Veteran journalist Syed Ghulam Sarwar embarks on a layman’s interpretation of the Quran, aiming to get back to its initial purposes and free it from the bonds of ritual. The result is an intelligent and intriguing experiment in religious thought.
“Spiritual in origin and divinely inspired,” Sarwar asserts, “the Quran presents a secular program of action based on lofty morality rooted in faith in God.” This tension between holiness and secularity is maintained throughout. Sarwar’s pages alternate between reflections on Islam’s roots in history, refutations of mythology built into it by adherents after Muhammad’s death, and the reintroduction of quasi-mystical concepts of the tradition.

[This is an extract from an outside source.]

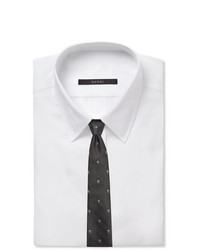 dunkelgraue bedruckte Krawatte von Alexander McQueen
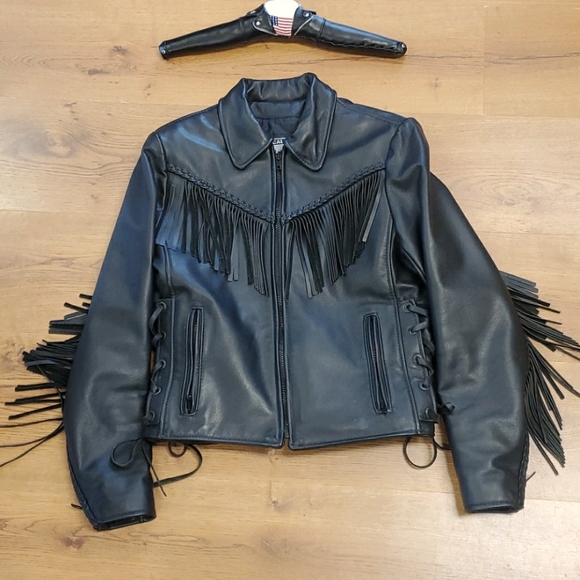 California Leather Creations Jackets & Blazers - Leather Fringed Motorcycle Jacket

All religions have their roots in revolution, Sarwar suggests, and began with individuals who earnestly wanted to better the world. Some of these people were prophets or missionaries of God—“malaekah” in the Quran’s parlance, though Sarwar refutes the translation of the word as “angels.” Sarwar maintains the doctrine that Muhammad was the last of these, but says that all were moved by a divine spirit that charged them to urge souls toward harmonious interactions with other souls, toward salvation through right action rather than damnation born of cruelty and ignorance.
Such pages have moments that verge on the mystical. Sarwar’s diction becomes like a dance. A discussion of God’s oneness, for example, includes phrasing like, “time, space and number are … one flow, one expanse and one unbroken stretch … The infinitude and oneness of each constituent of the universe … are part reflection of the infinitude and oneness of God.”
But Sarwar holds himself apart from Sufi mystics; this is, we’re reminded, a project about Islam at its origins, before logical occurrences had been repackaged as miracles and prophets as gods. Some of these reminders are Muslim doctrine—that Jesus was a reformer who challenged the status quo but didn’t rise from the dead like a deity—while other moments chart less familiar territory—that Jesus continued preaching into the period of Paul, or that Noah’s “ark” was actually a conquering army. Such suppositions are reliant on translations that eschew miracles for reasonable explanations. If they do not convince readers, they will at least provide a space for intellectual engagement.
From the first, Sarwar presents combating the ossification of the Quran as one of his primary goals, expressing dismay for the way it’s been maltreated and misused. The lofty visions for human betterment at its core faded into excuses for ignorance and darkness, he suggests. The determination with which he confronts and challenges mythologies built around translations does effectively muddle that picture; in that sense, the project may achieve some of its ends.
Even if its ideas fail to sway all adherents or to shape the way non-Muslims read the Quran, this layman’s effort should be praised both for its audacity and its argumentative prowess, as well as for the humanitarian consciousness that underlies both.